## The task
Using the word "Black" as the filter, copy each matching line from the records.

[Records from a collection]
::::::::
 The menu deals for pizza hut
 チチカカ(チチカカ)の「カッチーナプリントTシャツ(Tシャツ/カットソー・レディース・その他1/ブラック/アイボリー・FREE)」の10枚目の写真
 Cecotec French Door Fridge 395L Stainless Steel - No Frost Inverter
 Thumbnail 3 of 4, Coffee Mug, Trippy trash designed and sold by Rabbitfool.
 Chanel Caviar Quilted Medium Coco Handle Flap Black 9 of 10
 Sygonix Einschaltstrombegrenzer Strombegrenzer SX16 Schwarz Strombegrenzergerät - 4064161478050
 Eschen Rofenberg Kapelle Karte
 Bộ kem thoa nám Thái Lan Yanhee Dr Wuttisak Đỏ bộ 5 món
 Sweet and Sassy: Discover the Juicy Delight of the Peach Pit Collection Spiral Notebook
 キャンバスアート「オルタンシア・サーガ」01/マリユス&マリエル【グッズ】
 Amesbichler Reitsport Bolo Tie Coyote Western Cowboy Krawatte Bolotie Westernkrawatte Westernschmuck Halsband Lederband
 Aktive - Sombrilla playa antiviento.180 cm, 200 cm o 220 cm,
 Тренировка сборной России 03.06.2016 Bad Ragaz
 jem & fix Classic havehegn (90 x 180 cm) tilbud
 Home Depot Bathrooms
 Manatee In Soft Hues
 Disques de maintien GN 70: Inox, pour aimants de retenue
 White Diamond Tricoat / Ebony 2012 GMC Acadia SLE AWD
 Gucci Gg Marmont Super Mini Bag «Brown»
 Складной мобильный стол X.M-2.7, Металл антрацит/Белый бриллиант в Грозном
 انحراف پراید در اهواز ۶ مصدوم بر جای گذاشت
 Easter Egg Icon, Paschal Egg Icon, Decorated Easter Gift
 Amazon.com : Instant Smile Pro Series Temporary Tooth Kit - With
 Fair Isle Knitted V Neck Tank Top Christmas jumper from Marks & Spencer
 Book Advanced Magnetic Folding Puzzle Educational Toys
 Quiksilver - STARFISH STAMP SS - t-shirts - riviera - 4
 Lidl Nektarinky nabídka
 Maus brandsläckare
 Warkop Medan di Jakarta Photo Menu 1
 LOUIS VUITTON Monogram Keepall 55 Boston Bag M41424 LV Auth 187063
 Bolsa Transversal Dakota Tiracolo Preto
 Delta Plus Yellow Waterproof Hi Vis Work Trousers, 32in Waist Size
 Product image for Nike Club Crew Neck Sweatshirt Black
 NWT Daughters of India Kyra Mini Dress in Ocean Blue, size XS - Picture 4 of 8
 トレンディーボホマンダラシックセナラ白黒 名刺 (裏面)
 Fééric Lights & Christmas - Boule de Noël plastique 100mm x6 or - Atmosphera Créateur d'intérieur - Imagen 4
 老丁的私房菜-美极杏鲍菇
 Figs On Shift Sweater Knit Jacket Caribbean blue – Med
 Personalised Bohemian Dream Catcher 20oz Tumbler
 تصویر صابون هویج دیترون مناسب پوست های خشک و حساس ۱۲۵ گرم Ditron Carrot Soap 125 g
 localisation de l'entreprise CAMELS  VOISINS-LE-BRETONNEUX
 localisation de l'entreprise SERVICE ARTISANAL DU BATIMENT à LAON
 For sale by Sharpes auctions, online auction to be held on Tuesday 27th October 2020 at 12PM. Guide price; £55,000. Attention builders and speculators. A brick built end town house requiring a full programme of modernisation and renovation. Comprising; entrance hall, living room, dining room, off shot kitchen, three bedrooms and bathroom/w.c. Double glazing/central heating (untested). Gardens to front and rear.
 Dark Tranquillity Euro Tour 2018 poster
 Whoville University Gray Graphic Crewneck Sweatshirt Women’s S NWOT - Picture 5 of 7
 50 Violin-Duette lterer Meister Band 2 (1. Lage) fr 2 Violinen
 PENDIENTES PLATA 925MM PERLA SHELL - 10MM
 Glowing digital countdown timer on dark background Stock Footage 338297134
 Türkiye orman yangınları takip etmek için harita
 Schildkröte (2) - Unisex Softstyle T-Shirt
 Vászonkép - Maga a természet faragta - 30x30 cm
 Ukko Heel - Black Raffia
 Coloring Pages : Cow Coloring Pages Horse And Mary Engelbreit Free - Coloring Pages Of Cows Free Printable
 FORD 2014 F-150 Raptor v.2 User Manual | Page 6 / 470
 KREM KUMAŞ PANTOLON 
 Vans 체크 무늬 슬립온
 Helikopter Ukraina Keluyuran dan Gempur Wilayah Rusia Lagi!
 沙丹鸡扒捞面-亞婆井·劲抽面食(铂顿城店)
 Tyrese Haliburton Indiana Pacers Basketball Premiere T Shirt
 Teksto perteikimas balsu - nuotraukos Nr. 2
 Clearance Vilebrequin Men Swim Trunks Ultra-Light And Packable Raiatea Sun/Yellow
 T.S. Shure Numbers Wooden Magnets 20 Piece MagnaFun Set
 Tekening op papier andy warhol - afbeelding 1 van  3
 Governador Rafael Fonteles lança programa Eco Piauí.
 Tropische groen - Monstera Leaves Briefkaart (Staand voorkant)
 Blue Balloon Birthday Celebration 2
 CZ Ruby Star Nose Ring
::::::::
## Answer to this exercise
 Chanel Caviar Quilted Medium Coco Handle Flap Black 9 of 10
 Product image for Nike Club Crew Neck Sweatshirt Black
 Ukko Heel - Black Raffia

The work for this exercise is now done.